Mercoledì 25 agosto, ore 21,15
Favolacce
regia di Damiano D’Innocenzo e Fabio D’Innocenzo
Sceneggiatura Damiano e Fabio D’Innocenzo
con Elio Germano, Barbara Chichiarelli, Lino Musella
Fotografia Paolo Carnera
Montaggio Esmeralda Calabria
Scenografia Emita Frigato, Paola Peraro, Paolo Bonfini
Costumi Massimo Cantini Parrini
Durata 98 minuti
Distribuzione Vision Distribution
Italia, 2020
Nell’isolata periferia a sud di Roma, l’esistenza insignificante contrassegna le poche famiglie residenti e i loro figli appena adolescenti. Da genitori irrequieti come Bruno e Dalia, insoddisfatti, contrariati persino dalle piscine artificiali, stretti nelle loro villette a schiera, è logico aspettarsi uno sconforto che i figli, nonostante l’ottimo rendimento scolastico, traducono in silenziosa e passiva solitudine, ma anche in decisioni estreme, collegiali. Questi coetanei, sconvolti dalla prospettiva di crescere e diventare adulti o genitori, dati i cattivi esempi circostanti, condividono sorte, congegni e progetti oscuri.

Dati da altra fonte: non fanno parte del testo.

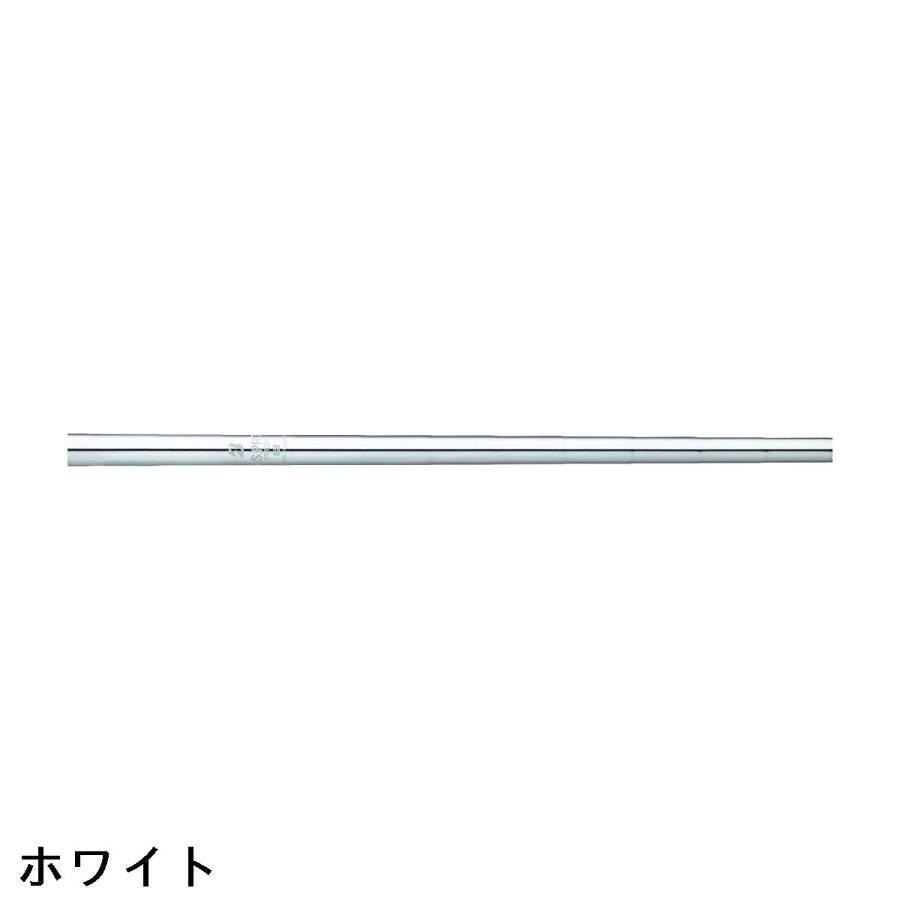ブリヂストン BRIDGESTONE GOLF BG-100 クラブセット(11本セット) IRスチール_14
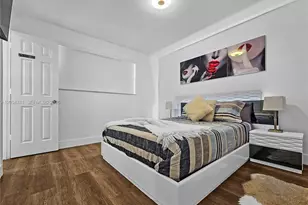 621 NW 59th Ave, Miami, FL 33126 - Photo 37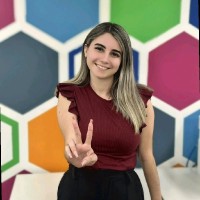 Sabrina Souza Figueredo Dos Santos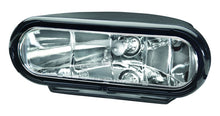 गैलरी व्यूवर में इमेज लोड करें, Hella FF75 Series H7 12V/55W Hallogen Driving Lamp Kit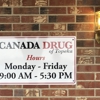 Canada Drug of Topeka gallery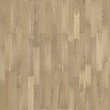 Паркетна дошка Beauty Floor Oak Versailles, 3-смугова - Зображення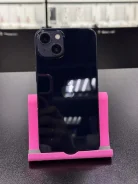Apple iPhone 13. �/�, 128 ��, ������ ����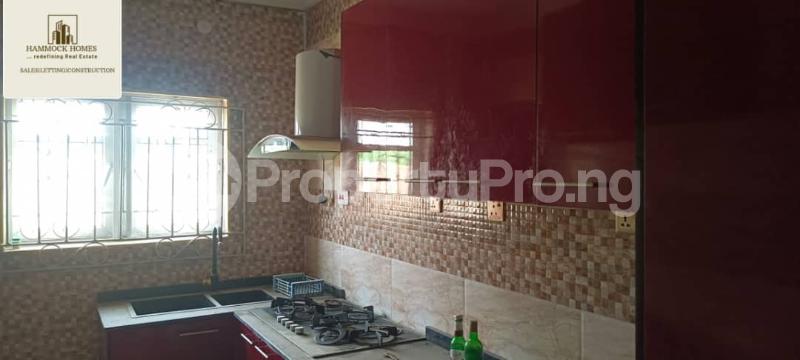 3 bedroom House for sale Success Olorunda Area, Iyalode Akobo Ibadan Oyo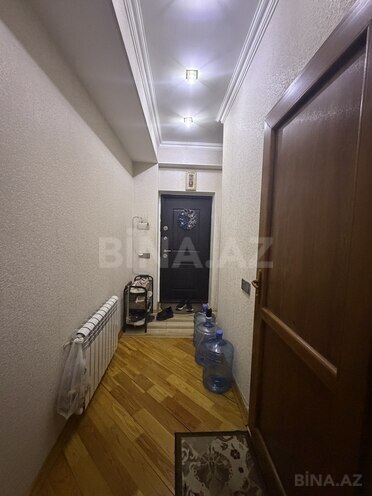 Продаётся 2-комн. новостройка 57 м², пос. Масазыр, photo 11 from 15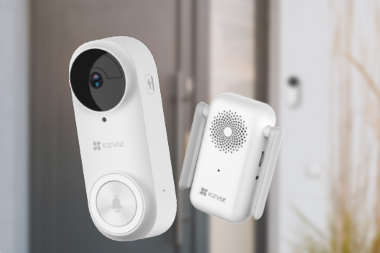 Best video doorbell 2025: who’s that ringing my bell?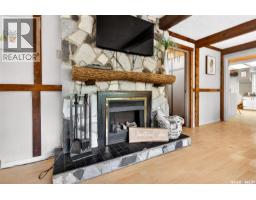 3 Elliott Drive, Sun Valley, SK S6H7W6 Photo 20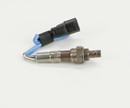 Bosch Oxygen Sensor 13958 - view 5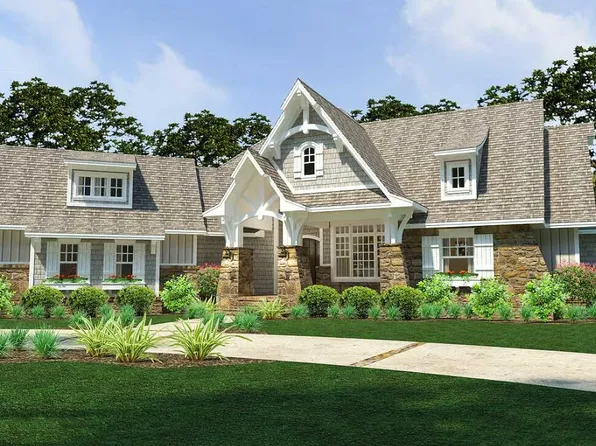 31820 Heritage Pl, Niles, MI 49120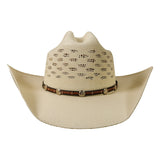 American hat makers Coyote
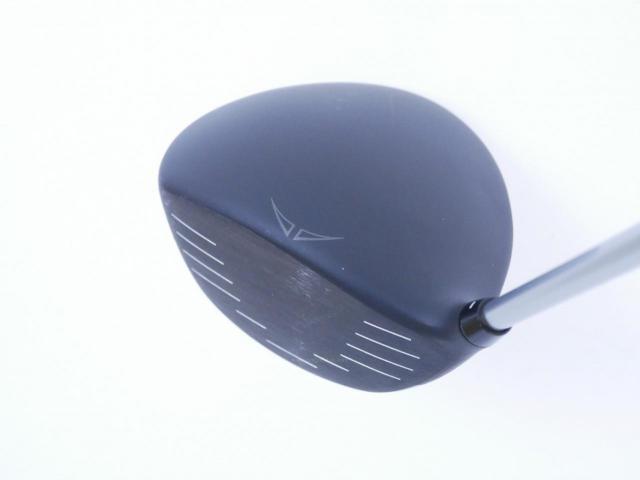 Driver : PING : ไดรเวอร์ Ping Anser (รุ่นปี 2016) Loft 9.5 Flex S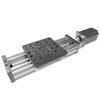 actuator9.png actuator9.png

Il senso di Favolacce si riassume già nel titolo. O nel primo verso, Perché va letta due volte una poesia così, di una delle loro raccolta di liriche, Mia madre è un’arma. Come ogni poesia, la parabola del film ha bisogno di essere “letta” almeno “due volte”, scrivono. Discorso che a maggior ragione vale per un favola dark, o “favolaccia”, moltiplicata tante volte quanto i destini incrociati di cinque adolescenti (e una neonata, con ancora meno voce in capitolo) che nel loro disperato silenzio si fanno diversamente sentire. Questi nuovi eroi a parte dei gemelli D’Innocenzo nascono prima dei due amici de La terra dell’abbastanza. Si scontrano con un mondo dai contorni inquietanti che ha le sembianze della normalità domestica, piccolo-borghese, dove la ferocia, i volti e le parole pietrificate dei genitori, soprattutto maschili fanno spavento. Sono dunque ragazzi che, di contro, maturano un’intelligenza tragica. I loro sguardi e i loro silenzi, l’oscillazione tra il bisogno di prolungare l’infanzia e affacciarsi alla soglia della sessualità, celano la segreta disperazione con cui rispondere alla crudele indifferenza degli adulti, del mondo, dell’ordine immutabile delle cose. Nelle loro parabole anti-pedagogiche i D’Innocenzo esplorano le cause, quindi le conseguenze offrendo vedute alternative sull’esistente. Preferiscono la distanza e il racconto involuto, la provocazione “favolistica” e l’immagine ora campestre per mescolare diversamente il realismo e la fantasia sgrammaticata. Elaborano le inquadrature come versi sciolti, liberi, senza nulla concedere e tutto donando allo spettatore, senza infingimenti. Ancora, nella poesia citata: “Perché è una poesia mia, / ed è solo mia, tutta mia, / non tua, mia / e anche se è brutta è mia”. Favolacce è “cinema di poesia”, in tutti i sensi.